Cerita pendek sebenarnya berasal dari Mesir purba, sekitar 3200 SM. Cerita pendek
berkembang di Eropa dimulai sekitar tahun 1812. Sementara perkembangan cerita pendek
Amerika sekitar tahun 1912. Barulah sekitar tahun 1936 cerpen-cerpen mulai mewarnai
kesusastraan Indonesia.
Perkembangan sastra Indonesia pertama kali ditandai oleh sastra Nusantara (daerah),
misalnya dengan munculnya mantera, pantun, dongeng, legenda, dan sebagainya.
Kebangkitan cerpen di Indonesia ditandai oleh Balai Pustaka yang menerbitkan Teman
Duduk karya M. Kasim. Sejak tahun 1946 cerpen mulai hidup di Indonesia. Bersama waktu
dan perkembangan kebudayaan masyarakat Indonesia nilai cerpen pun mulai berubah. Cerita
pendek terus berkembang, penyebarannya dibantu oleh majalah, di antaranya Majalah Panji
Pustaka, Panca Raya, dan Pujangga Baru. Cerpen Indonesia mengalami masa subur sekitar
tahun 1950-an setelah era perang kemerdekaan. Pada tahun 1960-an muncul para penulis
baru, cerpen-cerpen pun banyak yang terbit. Memasuki era orde baru, bidang sastra pun
terjadi pembaharuan. Para pengarang cerpen seolah bertualang, larut dalam pencarian wajah
cerpen, walaupun pengaruh Barat nampak dalam cerpen-cerpennya.
Di Indonesia bermunculan banyak sekali para cerpenis yang mengusung tema berbeda
dalam cerpennya. Missal Djenar Maesa Ayu dan Ayu Utami yang mengangkat tema
feminism; cerpen-cerpen Islami oleh Helvy Tiana Rosa, Abidah el Khalieqy, Asma Nadia,
Gola Gong, Pipiet Senja; serta cerpen bernuansa local karya Oka Rusmini (Bali), Taufik
Ikram Jamil (Melayu-Riau), Chairil Gibran Ramadhan (Betawi), Korrie Layun Rampan
(Dayak), Kuntowijoyo (Jawa) dan Danarto (Islam kejawen).

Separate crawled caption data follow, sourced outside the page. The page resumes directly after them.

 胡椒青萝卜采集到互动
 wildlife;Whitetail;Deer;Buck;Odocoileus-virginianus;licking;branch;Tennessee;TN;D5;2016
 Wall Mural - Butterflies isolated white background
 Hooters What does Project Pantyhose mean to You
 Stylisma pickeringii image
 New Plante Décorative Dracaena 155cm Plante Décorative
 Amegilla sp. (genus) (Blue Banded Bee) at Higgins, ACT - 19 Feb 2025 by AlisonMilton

Telah dibentuk sebuah komunitas cerpen di Indonesia yang bernama Komunitas
Cerpen Indonesia dalam acara Kongres Cerpen Indonesia (KCI) V di Taman Budaya,
Banjarmasin. Komunitas tersebut diharapkan dapat memperkuat posisi cerpen dalam
perbincangan kritik sastra Indonesia yang selama ini dianggap lebih didominasi oleh puisi.
DAFTAR PUSTAKA
Rosidi, Ajib.1998.Ikhtisar Sejarah Sastra Indonesia. Bandung: Bina Cipta.
Utomo,S. Prasetyo. 2009. Penulisan Kreatif Populer. Semarang: IKIP PGRI SEMARANG PRESS.